The county has put down earnest money deposits on the five sites, McAdams said, but with contracts written so it won't lose funds on locations it chooses not to pursue. Because of that, he said, "the options are open."
The proposed sites are: 1820 W. Printers Row (2300 South), West Valley City; 2411 S. Winston St. (1070 West), West Valley City; 2249 S. Winston St. (1070 West), West Valley City; 3091 S. Main St., South Salt Lake; and 1144 W. 3300 South, South Salt Lake. None is in a primarily residential area.
Announced last week, the five potential locations are part of a consolidated city-county deal. Rather than its previously planned four 150-bed shelters, Salt Lake City will move forward with two 200-bed shelters, at 131 E. 700 South and 275 W. High Ave, while dropping the controversial Simpson Avenue property in Sugar House. A third will be sited in Salt Lake County outside of the capital city.
The redrawn plans forged by state leaders did not ultimately alleviate ongoing tensions between city and county officials over the project.
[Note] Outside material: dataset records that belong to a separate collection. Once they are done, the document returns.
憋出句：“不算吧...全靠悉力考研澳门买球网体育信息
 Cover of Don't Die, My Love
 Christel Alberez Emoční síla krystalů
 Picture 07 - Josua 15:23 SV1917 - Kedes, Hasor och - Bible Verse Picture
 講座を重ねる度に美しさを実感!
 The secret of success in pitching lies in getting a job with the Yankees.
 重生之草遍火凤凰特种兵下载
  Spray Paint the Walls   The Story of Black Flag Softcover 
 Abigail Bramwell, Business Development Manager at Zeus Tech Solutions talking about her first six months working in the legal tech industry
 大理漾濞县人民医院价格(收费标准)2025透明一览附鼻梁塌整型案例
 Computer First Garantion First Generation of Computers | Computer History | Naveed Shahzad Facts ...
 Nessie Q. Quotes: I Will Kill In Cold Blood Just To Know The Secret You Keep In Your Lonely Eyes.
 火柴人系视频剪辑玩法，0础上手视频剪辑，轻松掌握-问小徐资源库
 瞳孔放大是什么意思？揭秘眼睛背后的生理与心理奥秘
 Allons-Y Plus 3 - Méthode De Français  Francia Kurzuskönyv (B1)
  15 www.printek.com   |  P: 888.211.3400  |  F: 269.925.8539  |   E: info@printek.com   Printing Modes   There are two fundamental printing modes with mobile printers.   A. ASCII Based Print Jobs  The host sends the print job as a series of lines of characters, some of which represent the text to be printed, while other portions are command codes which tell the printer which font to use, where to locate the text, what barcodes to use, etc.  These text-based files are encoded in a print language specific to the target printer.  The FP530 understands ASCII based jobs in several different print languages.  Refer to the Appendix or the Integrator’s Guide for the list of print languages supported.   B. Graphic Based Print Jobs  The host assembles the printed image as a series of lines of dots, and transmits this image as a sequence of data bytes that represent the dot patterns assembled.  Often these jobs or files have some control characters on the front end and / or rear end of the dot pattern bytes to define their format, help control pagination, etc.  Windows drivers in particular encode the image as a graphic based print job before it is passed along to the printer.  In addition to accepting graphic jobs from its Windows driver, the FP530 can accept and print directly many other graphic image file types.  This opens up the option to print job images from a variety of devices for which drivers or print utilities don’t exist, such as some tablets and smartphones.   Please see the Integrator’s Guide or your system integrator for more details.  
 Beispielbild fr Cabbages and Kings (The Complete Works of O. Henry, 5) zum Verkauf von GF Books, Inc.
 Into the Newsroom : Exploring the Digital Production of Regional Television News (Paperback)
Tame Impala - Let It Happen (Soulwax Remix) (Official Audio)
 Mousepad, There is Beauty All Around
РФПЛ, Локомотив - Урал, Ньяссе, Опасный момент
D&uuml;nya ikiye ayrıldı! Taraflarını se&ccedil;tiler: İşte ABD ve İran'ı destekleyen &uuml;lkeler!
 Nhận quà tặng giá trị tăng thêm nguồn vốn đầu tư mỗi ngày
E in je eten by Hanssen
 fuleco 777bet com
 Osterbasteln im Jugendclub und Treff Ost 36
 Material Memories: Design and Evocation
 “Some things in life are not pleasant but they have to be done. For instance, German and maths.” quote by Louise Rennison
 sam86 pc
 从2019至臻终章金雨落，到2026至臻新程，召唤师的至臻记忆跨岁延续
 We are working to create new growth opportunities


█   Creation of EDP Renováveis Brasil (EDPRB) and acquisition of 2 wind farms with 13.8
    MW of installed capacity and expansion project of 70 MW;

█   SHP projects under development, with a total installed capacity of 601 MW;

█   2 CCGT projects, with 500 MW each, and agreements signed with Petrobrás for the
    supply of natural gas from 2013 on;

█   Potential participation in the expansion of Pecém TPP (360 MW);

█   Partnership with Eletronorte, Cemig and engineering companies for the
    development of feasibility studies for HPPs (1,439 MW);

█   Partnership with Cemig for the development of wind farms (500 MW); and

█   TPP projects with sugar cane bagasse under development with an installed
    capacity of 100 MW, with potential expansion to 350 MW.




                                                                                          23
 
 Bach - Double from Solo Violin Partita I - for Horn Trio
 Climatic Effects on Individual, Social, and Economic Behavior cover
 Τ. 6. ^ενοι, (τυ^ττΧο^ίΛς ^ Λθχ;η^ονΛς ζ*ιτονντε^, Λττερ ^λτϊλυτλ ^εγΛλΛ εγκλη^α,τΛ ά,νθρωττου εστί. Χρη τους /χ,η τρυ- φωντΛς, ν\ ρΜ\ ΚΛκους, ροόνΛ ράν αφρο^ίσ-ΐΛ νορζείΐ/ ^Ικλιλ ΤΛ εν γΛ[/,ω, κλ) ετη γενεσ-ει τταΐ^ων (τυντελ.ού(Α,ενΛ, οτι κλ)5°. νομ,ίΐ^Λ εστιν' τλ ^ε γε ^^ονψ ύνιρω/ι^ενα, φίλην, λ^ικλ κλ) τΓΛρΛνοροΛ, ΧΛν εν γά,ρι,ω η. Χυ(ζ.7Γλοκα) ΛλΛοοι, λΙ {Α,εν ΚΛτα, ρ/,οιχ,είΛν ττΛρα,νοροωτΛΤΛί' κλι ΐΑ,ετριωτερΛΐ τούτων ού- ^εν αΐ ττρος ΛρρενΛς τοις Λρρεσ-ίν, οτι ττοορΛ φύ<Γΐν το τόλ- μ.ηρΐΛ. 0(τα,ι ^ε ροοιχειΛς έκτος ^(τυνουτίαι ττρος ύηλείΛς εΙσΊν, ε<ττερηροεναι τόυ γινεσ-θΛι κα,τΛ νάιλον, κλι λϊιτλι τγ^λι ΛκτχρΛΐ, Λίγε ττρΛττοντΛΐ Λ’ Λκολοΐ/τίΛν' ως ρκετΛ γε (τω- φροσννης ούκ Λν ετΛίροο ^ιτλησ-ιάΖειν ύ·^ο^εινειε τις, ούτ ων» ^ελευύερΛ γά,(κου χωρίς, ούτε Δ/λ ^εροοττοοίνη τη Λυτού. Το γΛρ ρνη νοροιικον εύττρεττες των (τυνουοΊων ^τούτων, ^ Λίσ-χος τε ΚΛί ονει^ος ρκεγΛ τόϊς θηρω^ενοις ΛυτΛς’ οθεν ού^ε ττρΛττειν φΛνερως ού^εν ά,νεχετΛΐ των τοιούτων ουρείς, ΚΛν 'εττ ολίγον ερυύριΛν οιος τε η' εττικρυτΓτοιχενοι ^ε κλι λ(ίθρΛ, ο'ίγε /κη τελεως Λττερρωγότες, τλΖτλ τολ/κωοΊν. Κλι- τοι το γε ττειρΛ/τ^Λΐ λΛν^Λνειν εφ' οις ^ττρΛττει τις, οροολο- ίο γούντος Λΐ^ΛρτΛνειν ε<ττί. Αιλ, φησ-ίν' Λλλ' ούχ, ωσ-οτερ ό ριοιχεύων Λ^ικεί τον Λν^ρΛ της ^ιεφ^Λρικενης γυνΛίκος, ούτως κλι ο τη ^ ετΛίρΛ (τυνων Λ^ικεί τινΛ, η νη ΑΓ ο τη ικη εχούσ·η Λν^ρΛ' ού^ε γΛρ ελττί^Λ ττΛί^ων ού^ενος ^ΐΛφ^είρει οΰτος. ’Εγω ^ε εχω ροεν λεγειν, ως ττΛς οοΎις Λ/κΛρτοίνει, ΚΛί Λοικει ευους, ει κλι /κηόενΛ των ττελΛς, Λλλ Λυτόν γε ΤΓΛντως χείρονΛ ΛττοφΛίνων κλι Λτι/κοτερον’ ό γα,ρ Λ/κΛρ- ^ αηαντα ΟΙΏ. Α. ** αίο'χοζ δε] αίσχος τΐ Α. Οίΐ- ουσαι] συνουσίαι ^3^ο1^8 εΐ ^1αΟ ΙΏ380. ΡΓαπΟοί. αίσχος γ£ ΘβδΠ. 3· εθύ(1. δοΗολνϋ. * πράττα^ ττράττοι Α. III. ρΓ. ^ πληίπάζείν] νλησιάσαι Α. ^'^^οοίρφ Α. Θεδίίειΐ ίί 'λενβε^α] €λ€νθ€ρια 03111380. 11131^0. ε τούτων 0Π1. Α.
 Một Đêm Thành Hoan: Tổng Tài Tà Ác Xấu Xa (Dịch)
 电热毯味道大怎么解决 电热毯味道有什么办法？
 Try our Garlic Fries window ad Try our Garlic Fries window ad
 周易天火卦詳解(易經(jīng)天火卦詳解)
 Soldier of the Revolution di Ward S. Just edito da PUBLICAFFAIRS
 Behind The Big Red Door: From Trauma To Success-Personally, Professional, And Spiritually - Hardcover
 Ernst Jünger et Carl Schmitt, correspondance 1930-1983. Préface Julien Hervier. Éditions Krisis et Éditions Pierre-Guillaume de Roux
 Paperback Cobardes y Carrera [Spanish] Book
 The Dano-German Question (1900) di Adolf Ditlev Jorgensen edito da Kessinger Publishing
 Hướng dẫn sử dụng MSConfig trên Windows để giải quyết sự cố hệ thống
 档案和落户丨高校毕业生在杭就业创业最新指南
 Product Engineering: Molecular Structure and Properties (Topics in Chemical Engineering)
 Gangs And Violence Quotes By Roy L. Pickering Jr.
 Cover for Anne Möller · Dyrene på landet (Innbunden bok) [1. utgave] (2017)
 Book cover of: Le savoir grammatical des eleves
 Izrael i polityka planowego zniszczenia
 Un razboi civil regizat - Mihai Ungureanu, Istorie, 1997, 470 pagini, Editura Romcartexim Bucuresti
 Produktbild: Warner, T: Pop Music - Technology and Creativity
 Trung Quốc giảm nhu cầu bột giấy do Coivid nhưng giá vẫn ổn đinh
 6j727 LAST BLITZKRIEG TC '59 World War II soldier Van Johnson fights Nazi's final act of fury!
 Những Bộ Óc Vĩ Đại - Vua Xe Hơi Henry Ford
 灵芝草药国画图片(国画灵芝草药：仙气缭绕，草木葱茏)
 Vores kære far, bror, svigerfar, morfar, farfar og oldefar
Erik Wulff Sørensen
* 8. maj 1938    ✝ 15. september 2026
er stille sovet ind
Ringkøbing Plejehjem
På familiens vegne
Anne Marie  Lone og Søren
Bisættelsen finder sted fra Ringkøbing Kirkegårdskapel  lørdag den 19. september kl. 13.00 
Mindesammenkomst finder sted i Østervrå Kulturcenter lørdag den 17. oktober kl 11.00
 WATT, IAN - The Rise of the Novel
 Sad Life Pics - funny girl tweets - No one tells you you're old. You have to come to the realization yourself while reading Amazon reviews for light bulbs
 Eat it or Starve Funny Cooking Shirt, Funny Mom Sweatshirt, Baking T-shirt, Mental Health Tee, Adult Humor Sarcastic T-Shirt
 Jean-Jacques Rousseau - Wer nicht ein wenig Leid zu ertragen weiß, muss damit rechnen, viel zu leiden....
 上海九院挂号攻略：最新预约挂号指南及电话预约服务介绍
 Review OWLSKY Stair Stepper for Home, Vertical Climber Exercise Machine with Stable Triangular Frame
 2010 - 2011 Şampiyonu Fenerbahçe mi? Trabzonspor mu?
During his meeting with The Tribune, McAdams several times mentioned Salt Lake City Mayor Jackie Biskupski. He noted that she is "pushing hard" for the county to house the men's facility while the city hosts the women and gender-segregated populations. But the demographics at each center have not yet been decided, McAdams said.
He also disclosed that Biskupski barred the county from participating in the city's selection process. And though it was set by the state, the mayor called the 200-person cap on the city's facilities "a little arbitrary." The county's shelter, McAdams added, will house between 200 and 300 people.
And unlike the city's approach, with key decisions made largely without public input, the county will ask for feedback on the proposed sites over the next two weeks through a series of open houses and public meetings at the Utah Capitol.
McAdams also plans to add another public meeting in West Valley City, with the date to be determined, after residents raised concerns that the Capitol was inaccessible.
The county mayor said he anticipated that many attendees will "rail" about the site selections near their neighborhoods and is encouraging participants to supply specific and productive testimony about why specific locations might not work. West Valley City and South Salt Lake leaders have decried the proposed shelters.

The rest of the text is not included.